Opponents of moving the planned Foxwoods Casino from South Philadelphia to the Gallery at Market East said an informal survey of 75 business owners showed strong opposition to the idea.
Two groups met in Chinatown Monday night to discuss the proposal, offered by Foxwoods, Gov. Rendell and Mayor Nutter as a solution to the stalemate over building Foxwoods on a traffic-clogged section of Columbus Boulevard in Pennsport. One was held at Holy Redeemer School on Vine Street and was organized by Philadelphia Chinatown Development Corporation. About 75 people attended.
A second meeting, of the OnLeong Association above HK Golden Phoenix Restaurant on Race Street, involved a smaller group and focused on strategy. It included 15 people, a mixture of business leaders and activists. It was organized by Helen Gym, a board member of Asian-Americans United, and businessman Ying Zhang Lin, PhD, president of the Fujian Association of Greater Philadelphia Area, who acted as interpreter.
At the meeting, Gym and Lin said they had surveyed 75 businesses in the quadrant formed by Arch, Race, 9th and 10th. Of those businesses, Gym said, 48 were "strongly opposed" to a casino nearby. Another 12 were "concerned" and wanted more information. 12 businesses supported the idea, and 3 didn't care, she said.
The survey must be put in perspective: These are the results of an informal, in-person poll. It was conducted by a group that has staked its position in opposition to a casino, and before Foxwoods has presented a detailed proposal.
Perhaps most intriguing are the reasons that opponents gave for their opposition. According to Gym, they were, in order:
1) Concern about gambling addiction among Asians.
2) Impact of a casino on Chinatown's culture, families, and children.
3) Safety, crime and security.
4) Doubt of the economic benefits.
5) Traffic and parking.
One business owner voiced a concern that the casino would kill shopping options by replacing the Gallery, Gym said. Note that traffic, which to be came to be the primary concern of neighbors in the Pennsport section of South Philly, came in last.
The mood at both meetings was generally unfriendly to the Foxwoods move, indicating that, at the very least, Rendell and Nutter have work to do in selling the plan. A community meeting with Councilman Frank DiCicco, state Rep. Michael O'Brien, and a representative from the Nutter administration is scheduled for next week. Chinatown is part of DiCicco's councilmanic district and O'Brien's state legislative district.

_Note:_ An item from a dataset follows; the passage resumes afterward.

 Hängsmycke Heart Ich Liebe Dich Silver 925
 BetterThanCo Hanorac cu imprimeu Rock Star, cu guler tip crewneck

Local opposition to Foxwoods in Pennsport was the chief factor in forcing Foxwoods to consider moving, and DiCicco was the primary voice for the neighborhood. Brian Abernathy, DiCicco's legislative aide who has been his point-man on casinos for the last three years, said the proposal would not be rushed through, and that Chinatown residents would be a part of the process at each step. Abernathy said the city has asked Foxwoods "to come up with something they can present publicly as quickly as possible," and he noted that it has been less than three weeks since Foxwoods announced its intentions.
"People are concerned, they have every right to be concerned, but I encourage people to stay calm until we have detailed information. We have a lot of work to do," Abernathy said. "The councilman, the mayor and Representative have all said we're going to go through a process. I don't think any of our reputations is to ignore or steamroll anyone. And we're certainly not going to start now."